Inflation expectations have been rising since mid-2016 (see Chart 1), yet flows into bond funds and ETFs went unchecked.
The recent market volatility seems to be a result of investors finally realizing that the business cycle isn’t dead. Later-cycle inflation is becoming more obvious, and the market has needed to recalibrate valuations, earnings expectations, and asset allocations to the suddenly “new” inflationary environment.
CHART 1:
Inflation Expectations : 5 Yr 5Yr Forward Breakeven
(Weekly, Feb. 13, 2013 – Feb. 7, 2018)

The elongated cycle
In 2010, RBA suggested that the bull market might be one of the longest in modern history, and positioned our portfolios accordingly. We thought the cycle would rejuvenate, but it would be elongated because of the constraining effects of the deflating global credit bubble. Early-cycle sectors tend to be very credit-sensitive (housing, autos, and retailing), but credit conditions remained tighter than normal even as the economy recovered. The combination of unusually tight credit standards, fiscal policies that were contractionary, and increasing financial regulation and oversight limited early-cycle growth. The positive though was that the economic boom often sought by politicians was replaced by slow consistent growth that proved to be investors’ nirvana.

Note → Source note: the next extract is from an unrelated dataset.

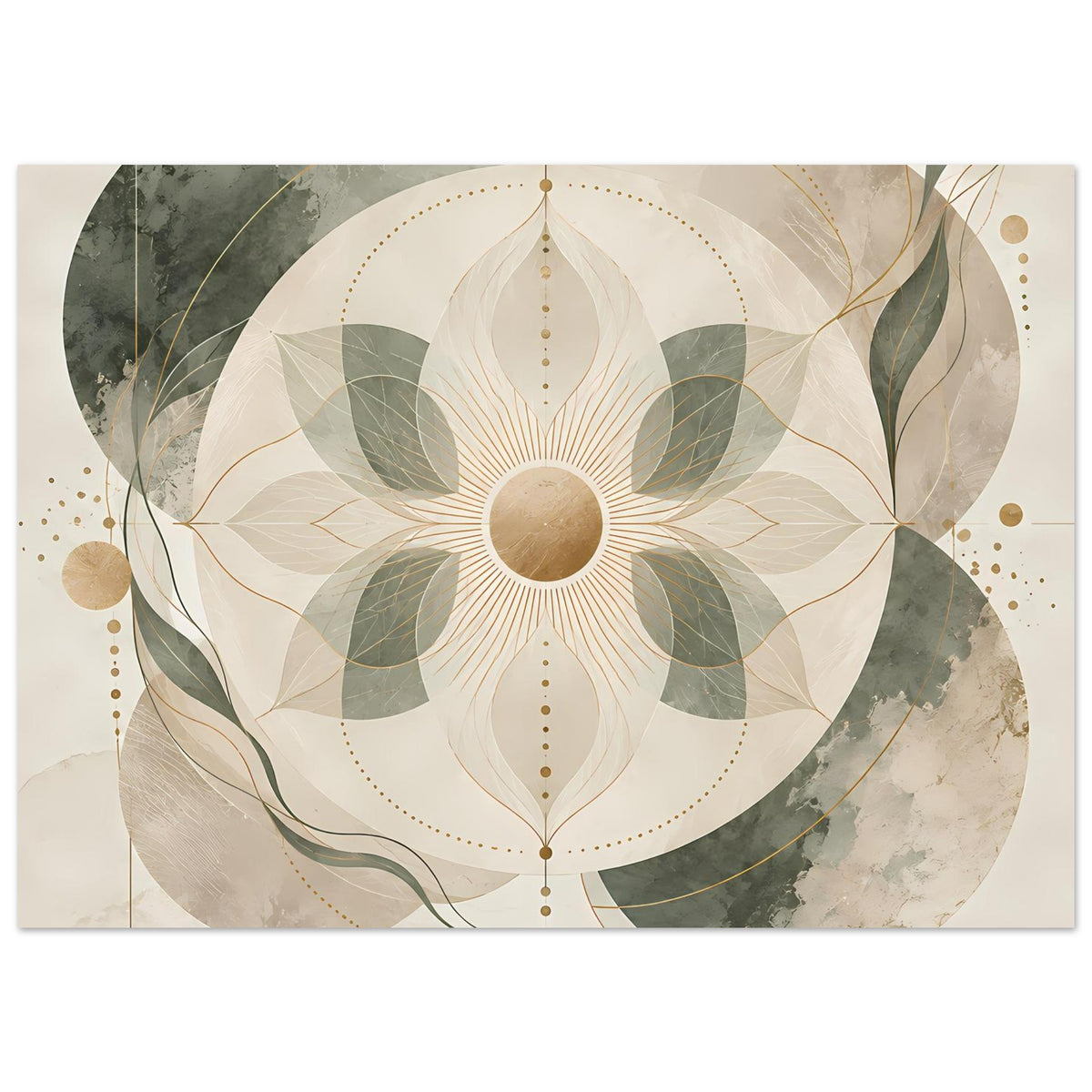 Zen-Poster mit Mandala in Beige, Grün und Gold, breiter Ausschnitt des runden Zentrums.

Normal cyclical events have occurred, but they have occurred more slowly and gradually than in a typical cycle. The yield curve is a good example. Chart 2 compares the slope of the yield curve during this cycle to those of past cycles. Note how long it has taken during this cycle for the yield curve to invert (it still hasn’t!). History will remember this cycle as an elongated one.
CHART 2:
Fed Tightening Regimes & The Slope of the Yield Curve
(10/2s) from 1985 on

Late-cycle bottlenecks
The late-cycle is often characterized by economic growth that outstrips the growth in capital spending and causes production bottlenecks, and that certainly describes the current environment. Vendor delivery time is a simple indicator of potentially increasing inflation, and measures how long it takes for suppliers to fulfill orders. Longer fulfillment times indicate that demand is greater than available supply, and that prices could increase.
Chart 3 is RBA’s indicator of vendor delivery time, which incorporates common delivery statistics. Vendor delivery times have been increasing and normal cyclical bottlenecks are forming. That implies further upward pressure on the CPI.

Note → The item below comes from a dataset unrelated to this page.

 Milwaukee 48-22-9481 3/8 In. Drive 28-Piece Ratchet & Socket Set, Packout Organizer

It’s important to reiterate that bottlenecks are normal in a later-cycle environment. Unfortunately, investors played ostrich with respect to inflation and ignored the standard indicators’ warnings that portfolios positioned for deflation/disinflation might underperform. The increase in market volatility suggests that investors finally caught on.
CHART 3:
US CPI %YoY vs. RBA Vendor Delivery Indicator
(Jul. 2001 – Jan. 2018)

Our portfolios remain flexible
RBA’s “go anywhere” macro strategy affords us great flexibility to adapt our portfolios to many different environments. When inflation expectations began to trough in 2016, we significantly repositioned our portfolios to take advantage of nominal economic growth and profits growth that might be stronger than investors expected. To date, we continue to have inflation as a major theme within our portfolios.

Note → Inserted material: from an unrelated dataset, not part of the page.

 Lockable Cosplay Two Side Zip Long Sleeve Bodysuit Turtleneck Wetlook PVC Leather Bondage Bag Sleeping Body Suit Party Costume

Cyclical sectors make up the bulk of our equity positioning: Technology, Financials, Materials, and Emerging Markets. We remain very short duration within our fixed-income portfolios to help protect against rising long-term interest rates. Currently, our bond holdings have a duration of only about 20-25% of benchmark duration. In addition, we still hold gold and/or gold miners.
Volatility is always unsettling. However, we think our disciplined approach that relies on fundamentals and not events (like volatility spikes) will continue to benefit our investors.